Quatro conselhos do Papa Francisco para melhor vivermos o Natal

1. Arranjemos espaço para o Senhor nos nossos corações e nos nossos dias.
«Cada família cristã, como fizeram Maria e José, pode receber Jesus, escutá-lo, falar com Ele, estar com Ele, protegê-lo, crescer com Ele; e assim melhorar o mundo. Arranjemos espaço para o Senhor nos nossos corações e nos nossos dias» (Audiência Geral, 17 de dezembro de 2014).

2. Que o Natal não seja uma festa do consumismo desmedido.
«A alegria cristã é uma dádiva do Senhor. "Ah, padre, nós faremos um banquete, e todos estaremos contentes!" Isto é bonito, um bom almoço faz bem; mas esta não é a alegria cristã da qual falamos hoje; o júbilo cristão é diferente. Ele leva-nos também a fazer festa, é verdade, mas trata-se de algo diferente.
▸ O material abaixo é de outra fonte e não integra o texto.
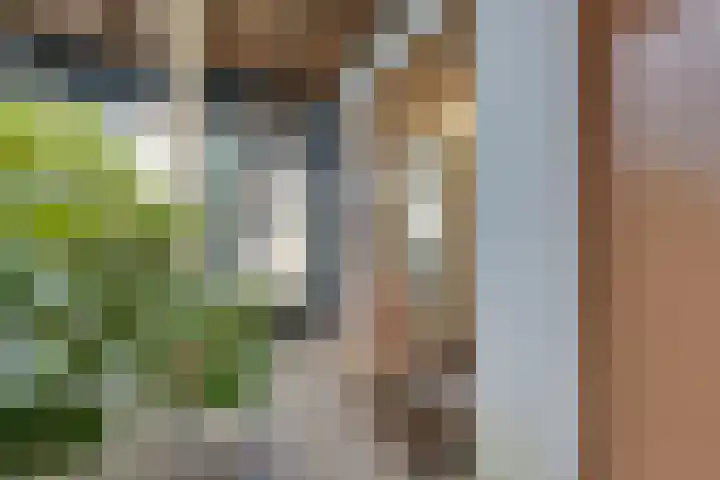 Zocalo 12 Assendelft thumbnail 14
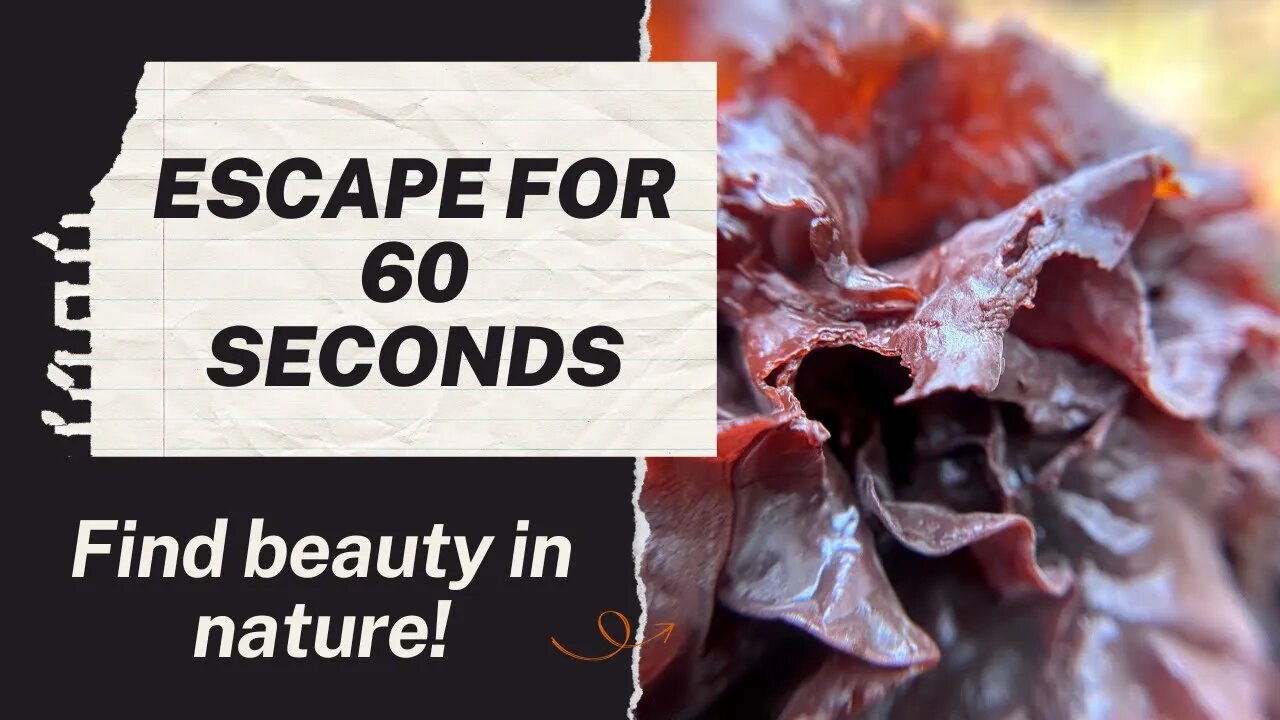 Escape to Nature for 60 seconds with Wildcraft Trading. Mushroom hunting & Change of Seasons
É por este motivo que a Igreja nos quer levar a compreender no que consiste esta alegria cristã» (Homilia, 17 de dezembro de 2014).

3. Que seja uma festa da alegria, de acolher o Senhor no presépio e no coração.
«Para possuir a alegria na preparação do Natal, em primeiro lugar é necessário rezar: «Senhor, que eu viva este Natal com a alegria autêntica!» Não com a alegria do consumismo, que nos leva até ao dia 24 de dezembro, todos cheios de ansiedade, porque: "Ah, ainda me falta isto, ainda me falta aquilo..." Não, esta não é a alegria de Deus! É preciso rezar. 
Em segundo lugar: dar graças ao Senhor por tudo o que nos concedeu de bom. 
Em terceiro lugar, devo pensar como posso ir ao encontro dos outros, daqueles que estão em dificuldade, que têm problemas — pensemos nos enfermos, em tantas problemáticas — para lhes levar um pouco de unção, de paz e de alegria. 
Nisto consiste o júbilo do cristão. Concordais?» (Homilia, 17 de dezembro de 2014).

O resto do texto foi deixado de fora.